Which ‘Barabbas’ would we choose today?
The Palm Sunday crowds seem excited to welcome Jesus Christ into Jerusalem, laying before him their cloaks and palm branches and shouting “Hosanna! Blessed is the one who comes in the name of the Lord!”
They seem to have great expectations. But what do you suppose happened between Palm Sunday and Good Friday? On that day, ironically called “Good” because of God’s submission to the pain and power of death with us, the crowd changed its tune and cried out: “Crucify Him!”
How can the initial welcoming words turn so quickly into cries for crucifixion? Perhaps the answer might be found in the changing perceptions of what they believed Jesus could do for them.
Don’t you wonder what the people thought Jesus might do? One cue might come from the choice made when Pontius Pilate offered to release Barabbas or Jesus. It’s kind of an interesting story. You can look it up in Mark 15: 6-15 if you want.
Pilate, the ruler, seemed to have some ambivalence about proceeding with this prosecution of Jesus, so he suggests releasing Jesus. But the choice might have deeper meaning. Consider this from the teaching of John Dominic Crossan: “Bar” preceding a name meant “son of” as in Simon Bar Jonah. (Matthew 16:17 KJV) Further “Abba” was the word for father. In fact Jesus himself told us to call God “Abba”, a more endearing term for addressing God. Therefore, Bar Abbas really means “son of the Father”.
Also, according to some texts, the full name of this “rebel who had committed murder” was Jesus Barabbas or “Jesus, Son of the Father.”
Doesn’t this make you wonder if there isn’t some deeper meaning here as Pilate offers a choice between two men named “Jesus, Son of the Father”? One is a violent warrior who believes in using force. The other is a gentle, grace-filled man who taught forgiveness and non-violent responses to oppression.

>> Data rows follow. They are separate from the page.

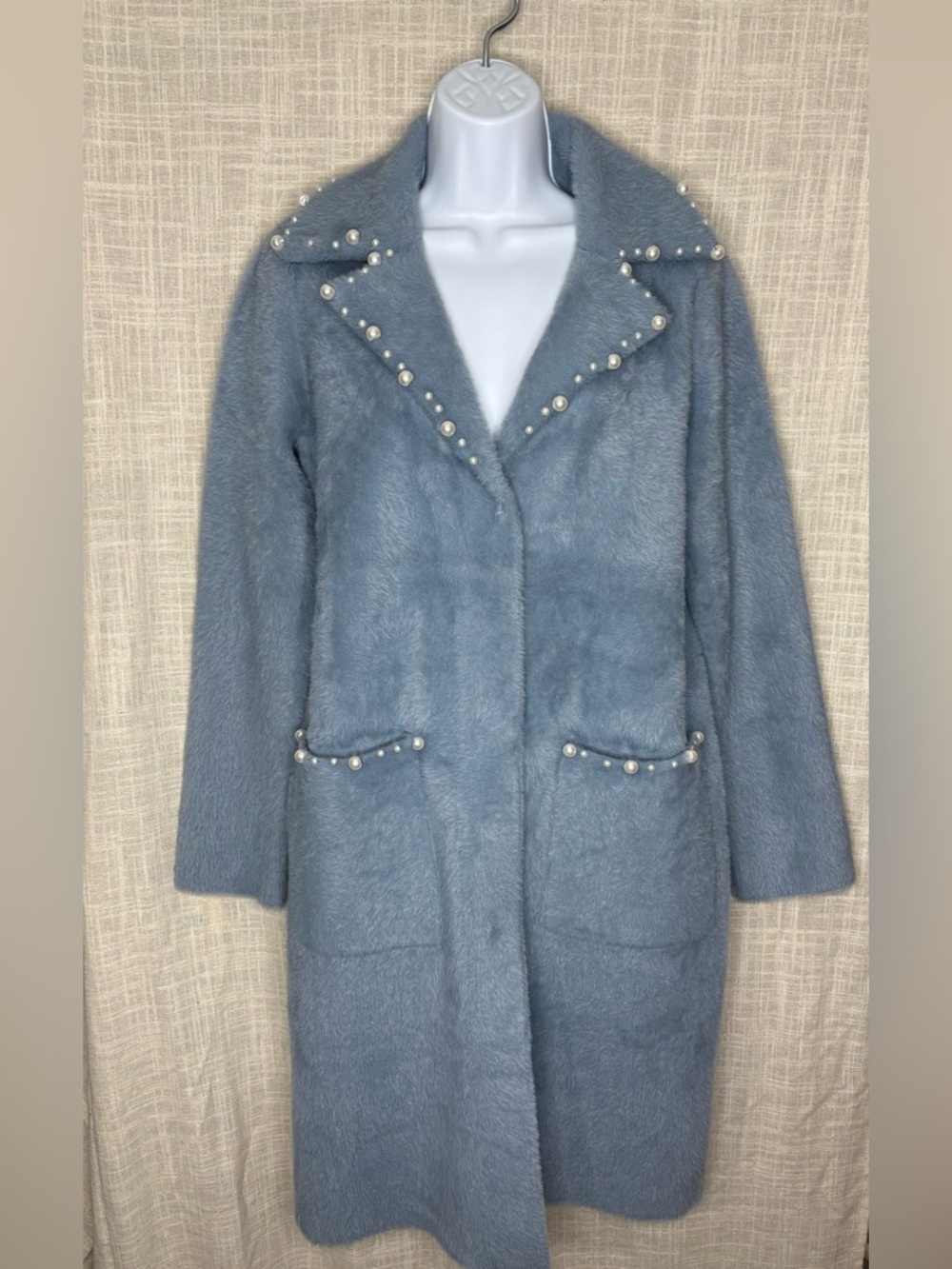 Joseph Ribkoff Feather Yarn Pearl Sweater Coat Chambray Blue NWT Size XS 261997 - Picture 7 of 9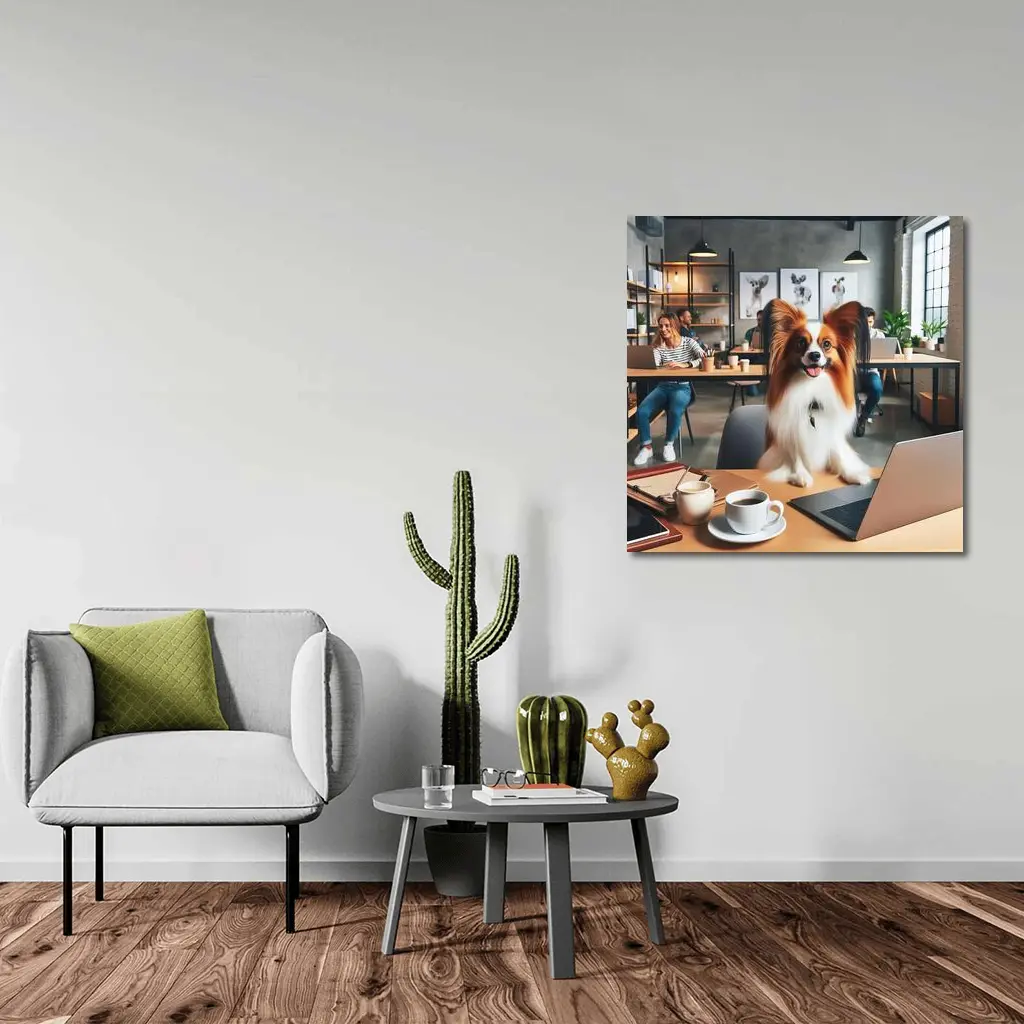 Papillon Dog Sitting at Office Desk – Wall Art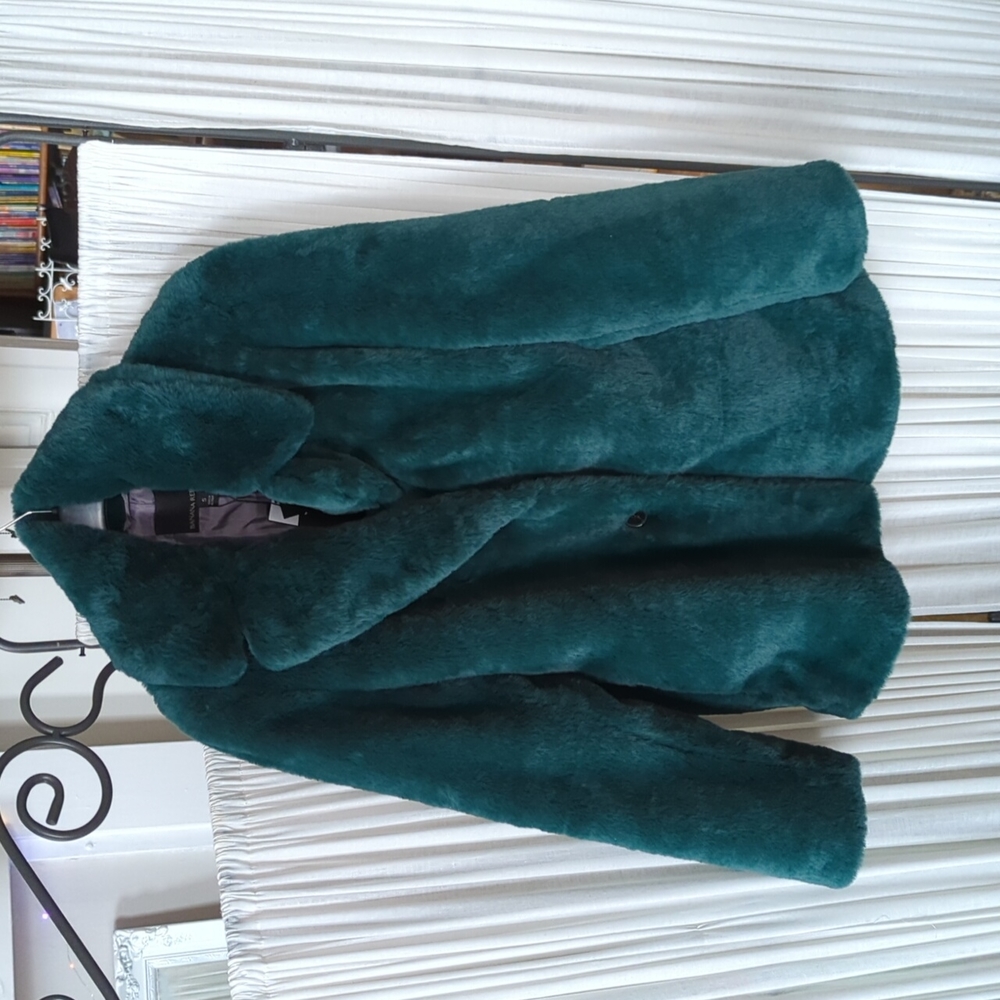 Forest Green Faux Fur Banana Republic Pea Coat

Might it have been that the people were in fact shouting “Hosanna” and waving palm branches before Jesus Christ, because they thought he was a “son of the Father” who would lead them in rebellion as Barabbas would have?
Now bring that question into the news of the day and ask which “Jesus, Son of the Father” would advise us to arm ourselves with handguns or allow assault weapons to be sold for self-defense? Which “Jesus, Son of the Father” would suggest the amount of money spent on military (approximately 5 or 6 times higher than China and about 10 times higher than Russia, the two next big spenders)? Which “Jesus, Son of the Father” would suggest we commit ourselves each year to pay taxes for such a large part of the budget, thus threatening our economy with debt while schools and a safety net for the poor must deal with less? Which “Jesus, Son of the Father” (Barabbas) is more highly regarded as today’s decisions are made, and which personally reveals God’s will of peace and love?
You probably know what I’m thinking here. But each of us probably should think about this. In today’s world, it isn’t easy being a disciple of the one who is the Prince of Peace.
The Rev. Mark Becker is pastor of Saint Paul Lutheran Church in Stillwater.